Work to be completed: Please keep pictures out and return the lines below exactly, from the one holding "30 Homestead Dr, Pemberton, NJ 08068" through the last, both included.

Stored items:
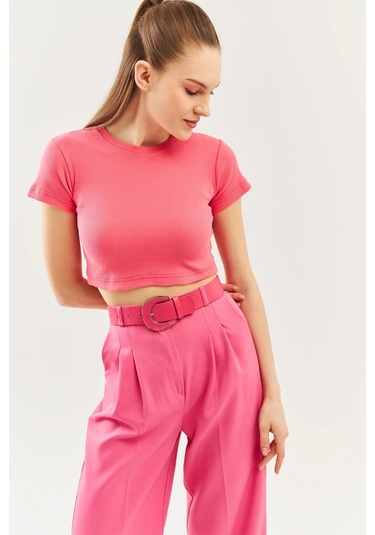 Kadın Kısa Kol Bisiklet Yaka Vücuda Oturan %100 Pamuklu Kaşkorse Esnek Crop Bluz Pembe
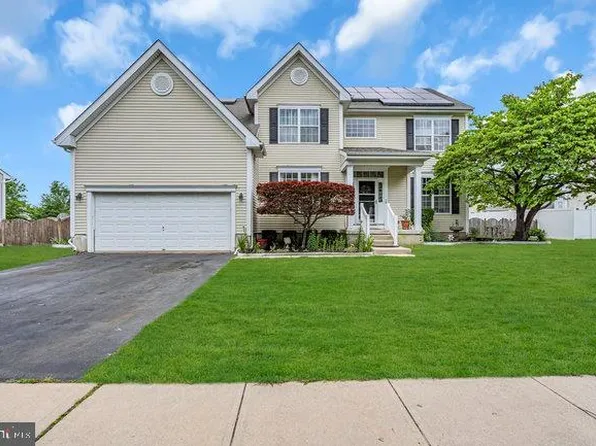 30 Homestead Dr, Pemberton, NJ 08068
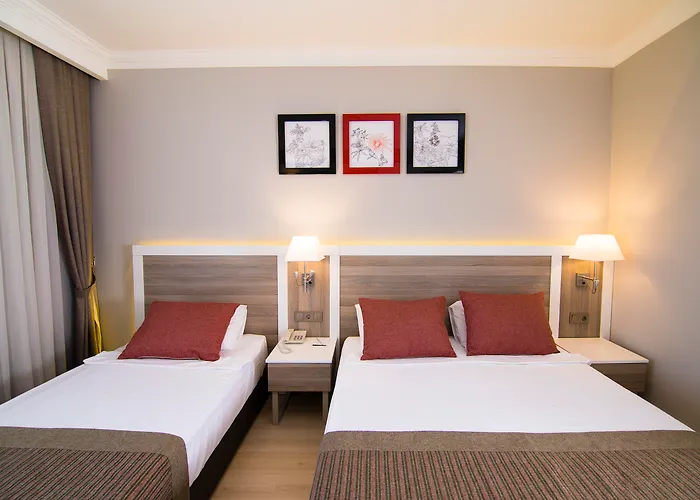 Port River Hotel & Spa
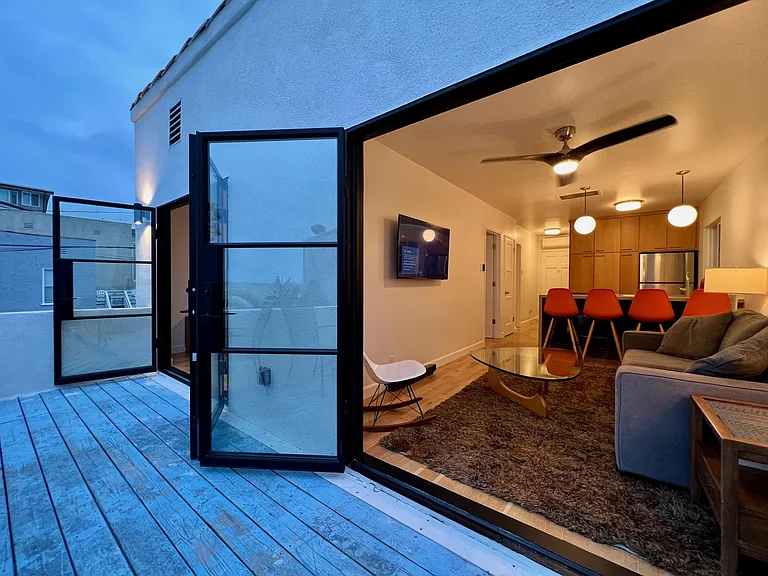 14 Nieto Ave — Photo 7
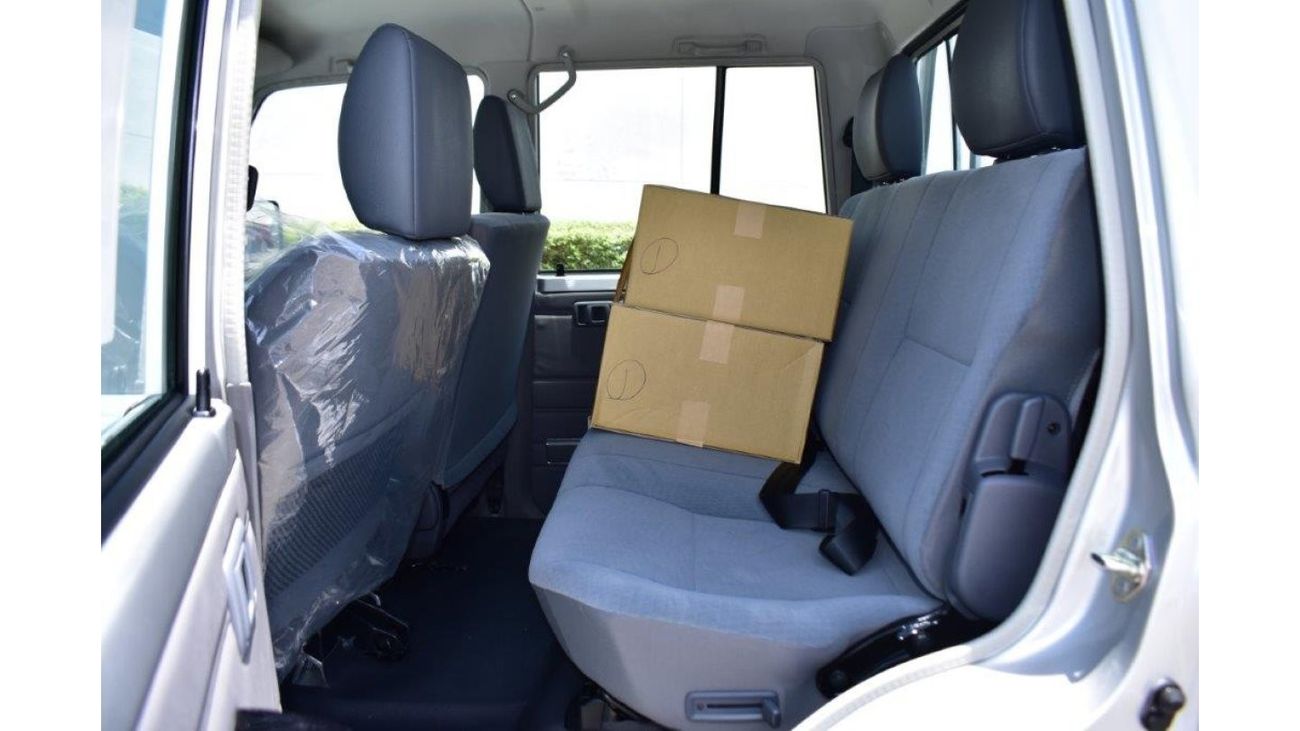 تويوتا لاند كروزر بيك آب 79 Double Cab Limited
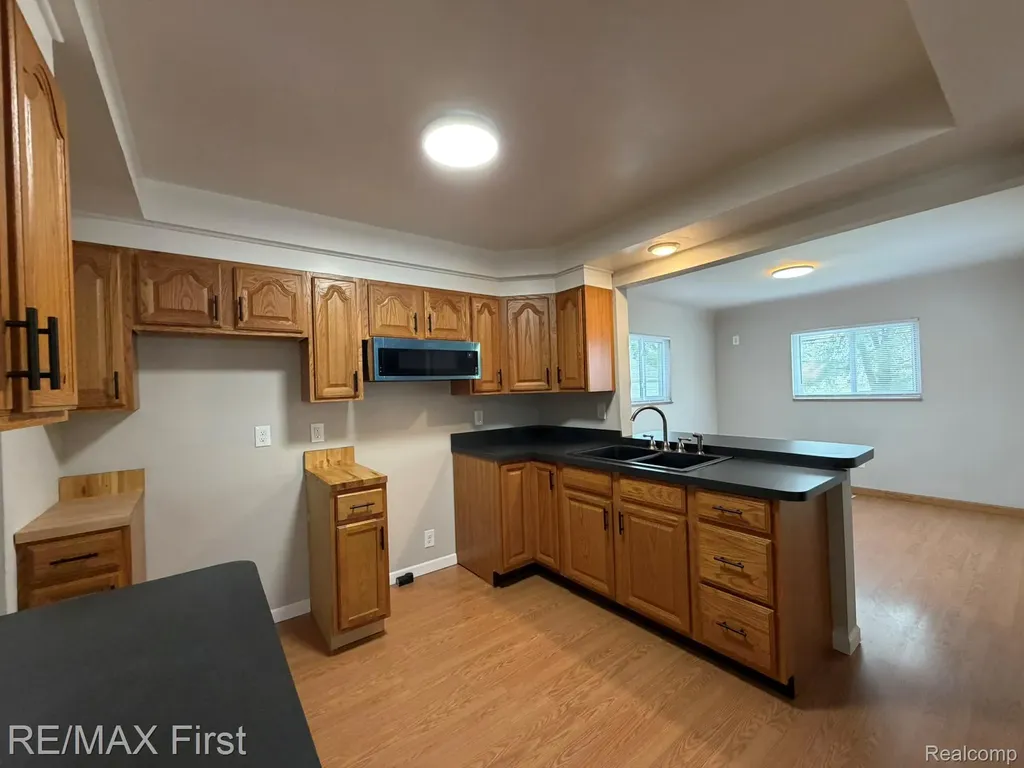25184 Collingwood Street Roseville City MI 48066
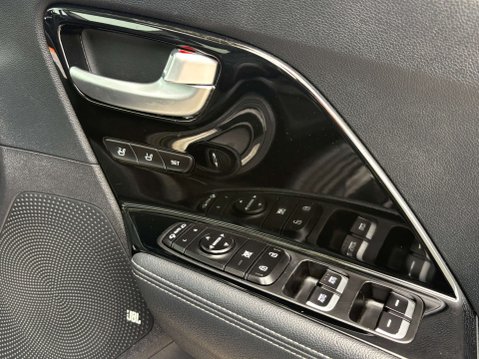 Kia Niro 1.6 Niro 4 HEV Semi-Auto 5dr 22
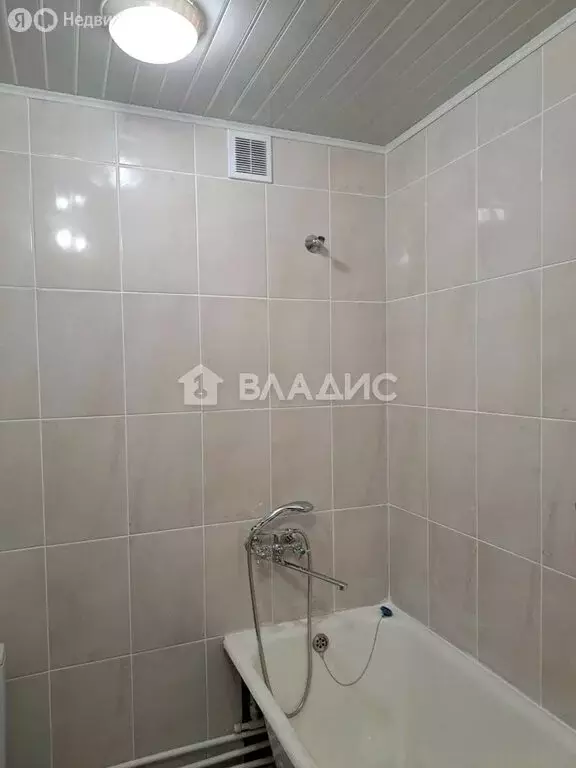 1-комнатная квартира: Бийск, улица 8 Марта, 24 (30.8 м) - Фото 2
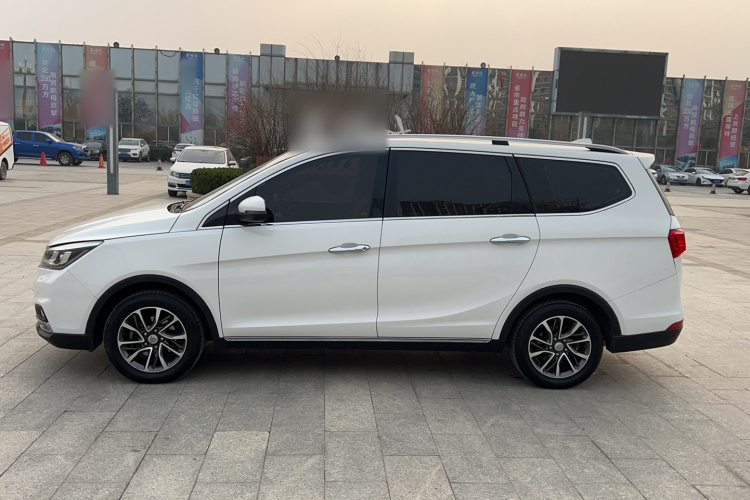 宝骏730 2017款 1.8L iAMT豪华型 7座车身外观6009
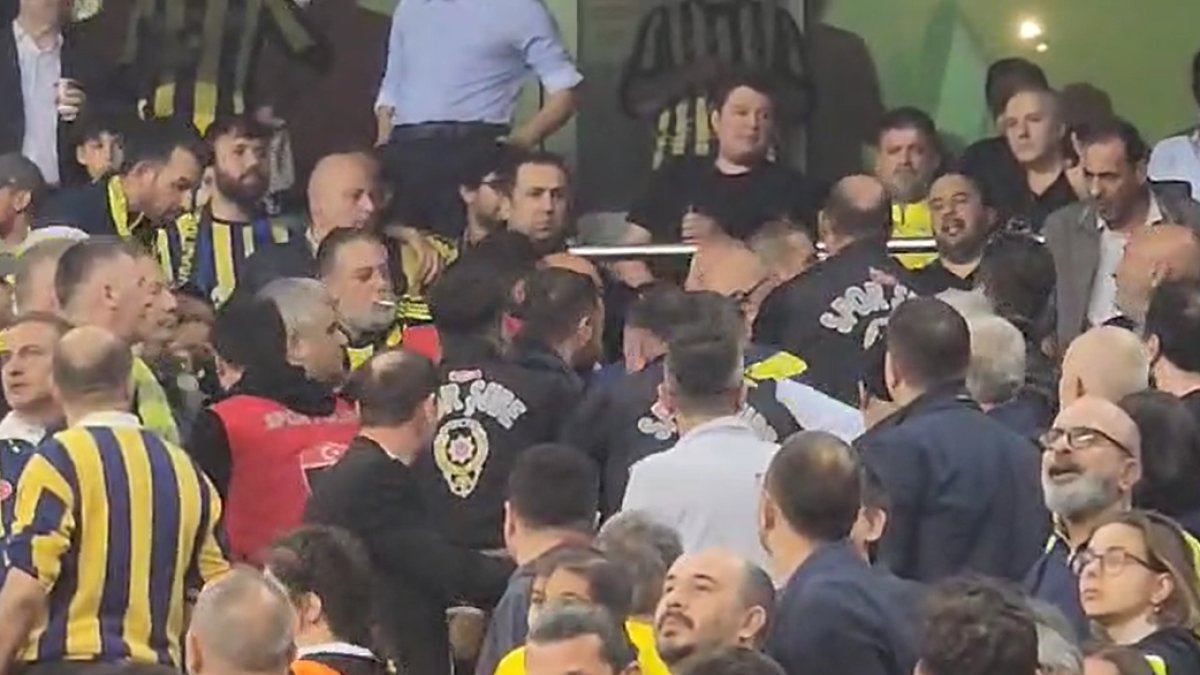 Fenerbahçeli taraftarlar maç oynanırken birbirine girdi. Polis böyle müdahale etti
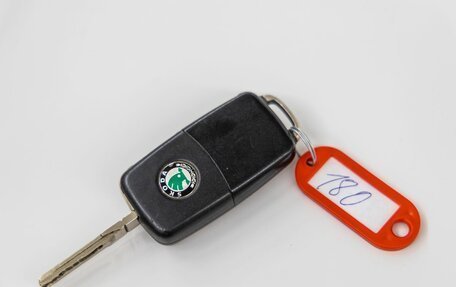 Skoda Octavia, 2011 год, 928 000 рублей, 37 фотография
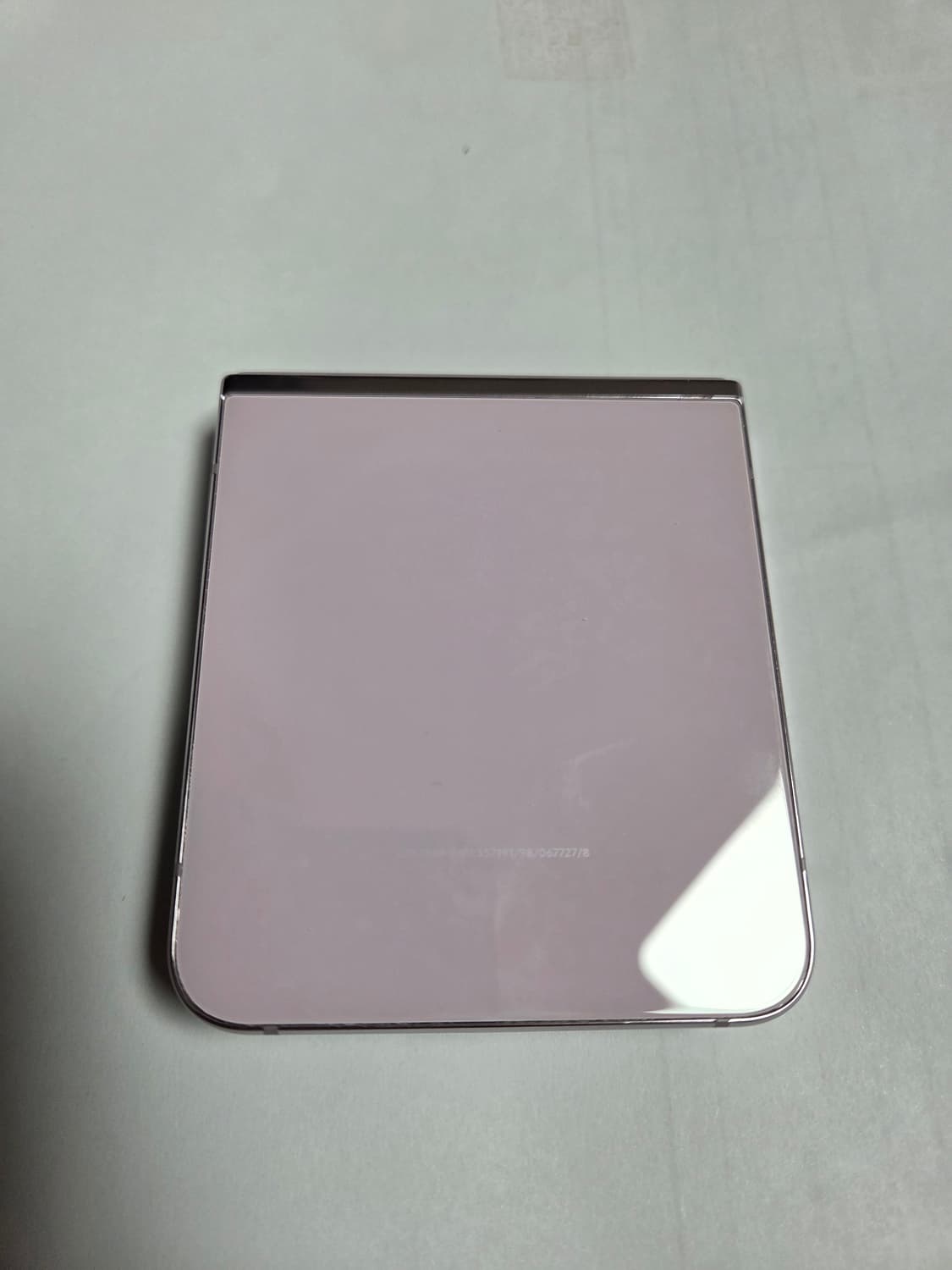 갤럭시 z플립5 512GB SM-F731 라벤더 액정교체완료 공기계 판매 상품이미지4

Response to this exercise:
 30 Homestead Dr, Pemberton, NJ 08068
 Port River Hotel & Spa
 14 Nieto Ave — Photo 7
 تويوتا لاند كروزر بيك آب 79 Double Cab Limited
25184 Collingwood Street Roseville City MI 48066
 Kia Niro 1.6 Niro 4 HEV Semi-Auto 5dr 22
 1-комнатная квартира: Бийск, улица 8 Марта, 24 (30.8 м) - Фото 2
 宝骏730 2017款 1.8L iAMT豪华型 7座车身外观6009
 Fenerbahçeli taraftarlar maç oynanırken birbirine girdi. Polis böyle müdahale etti
 Skoda Octavia, 2011 год, 928 000 рублей, 37 фотография
 갤럭시 z플립5 512GB SM-F731 라벤더 액정교체완료 공기계 판매 상품이미지4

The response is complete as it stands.